## Task data
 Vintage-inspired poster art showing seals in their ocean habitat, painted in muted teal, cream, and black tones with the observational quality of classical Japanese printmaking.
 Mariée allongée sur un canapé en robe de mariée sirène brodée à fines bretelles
--
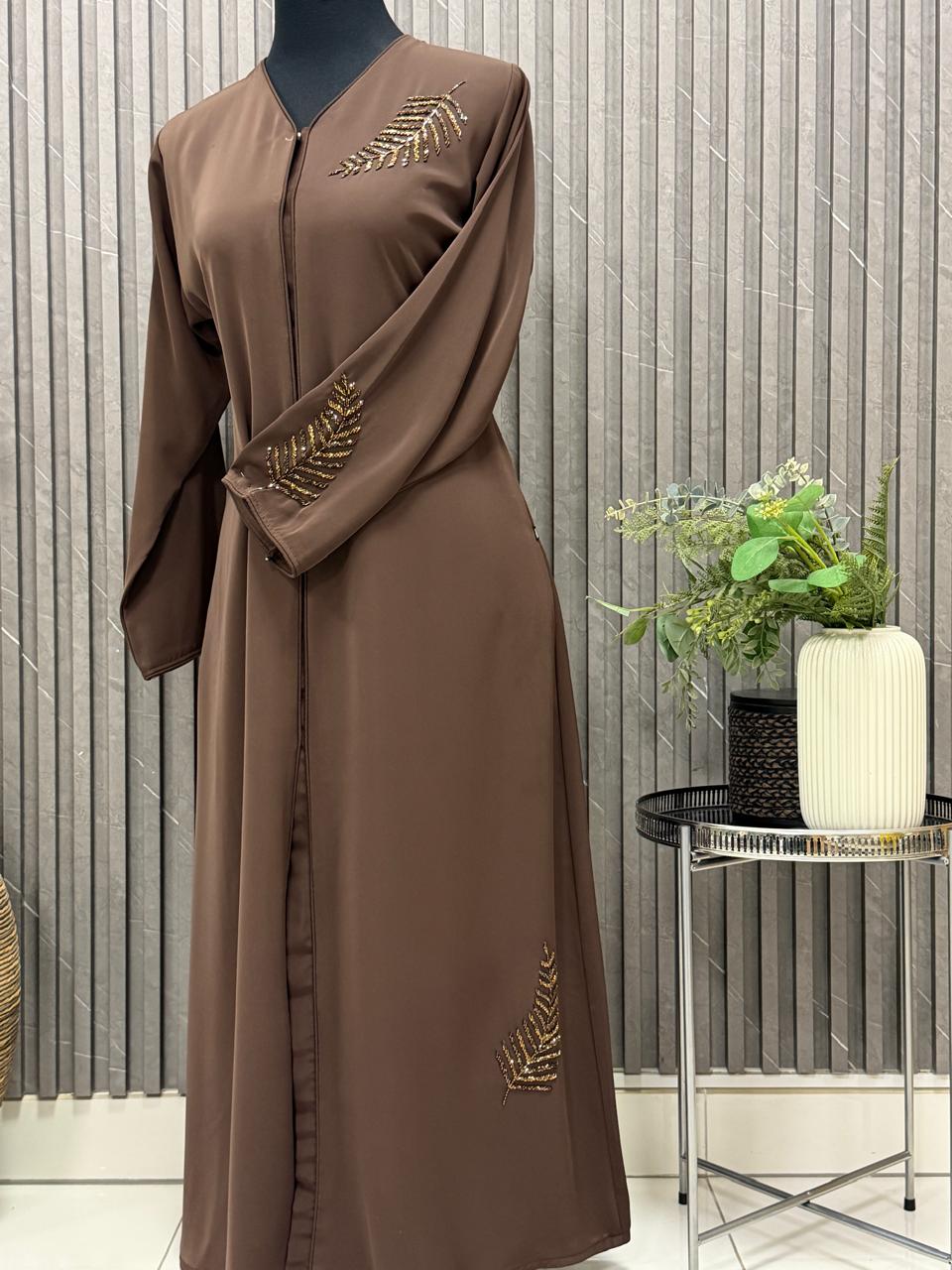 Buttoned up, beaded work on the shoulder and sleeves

## Exercise brief
Beginning at the line with "Vintage-inspired poster art" and stopping after the line with "Mariée allongée sur", please write out every line of the data above exactly and nothing else.

## Solution below
 Vintage-inspired poster art showing seals in their ocean habitat, painted in muted teal, cream, and black tones with the observational quality of classical Japanese printmaking.
 Mariée allongée sur un canapé en robe de mariée sirène brodée à fines bretelles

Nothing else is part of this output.